A strong contingent of intermediaries will always fight to remain independent despite increases in capital adequacy requirements, professional indemnity insurance and regulatory burdens.
Speaking at the mortgage round table, Mortgageforce managing director Kevin Duffy, said over the past year or so, negative headlines such as the collapse of Network Data, Prestbury and Premier Network Group, will have made directly authorised advisers think twice about seeking security in a network.
He said: “There have been headlines in which networks, present company excluded, have not fared very favourably. The one and two-man bands, DAs, will be thinking, OK, the PI has gone up, we have concerns about being outside certain circles and whether lenders in a rationing environment be giving their best deals to the networks. But they have looked at those headlines and thought, actually, there is a price I am willing to pay for independence.’”

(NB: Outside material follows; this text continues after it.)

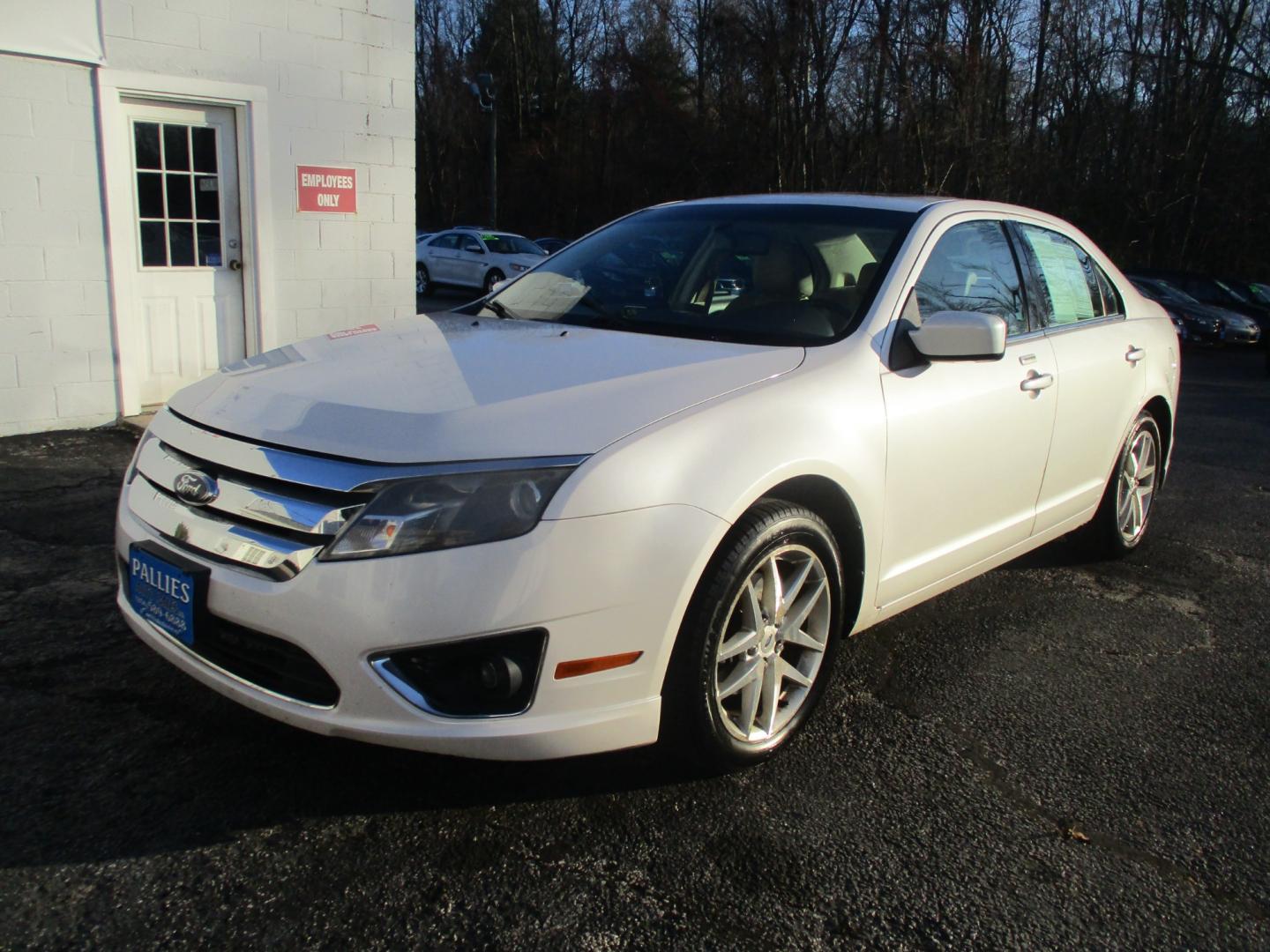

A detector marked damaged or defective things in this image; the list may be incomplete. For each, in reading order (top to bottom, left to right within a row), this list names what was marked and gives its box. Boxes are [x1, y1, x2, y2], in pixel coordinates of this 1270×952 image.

crack in asphalt [868, 636, 1265, 929]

PMS chairman John Malone said many intermediaries will seek the comfort of a network but “there will be lots of other people out there who want to retain their independence.”
Chartered Insurance Institute’s Society of Mortgage Professionals chief executive Richard Fox said: “Networks have got a problem in that there is a history there of networks that have not served their members and others which went belly-up.” He said he believes the FSA would prefer to regulate a few large organisations but intermediaries will resist this.
He said: “Most of the population of small IFAs and mortgage brokers have worked for large organisations and decided they do not like it. They really want to make their own way in life and that is why they set up their own businesses.”
Platform sales and proposition director Lee Gladwell added: “I think it is important that lenders do not treat networks as an easy option as well. That lenders can recognise the compliance quality that some of the DAs offer as well.”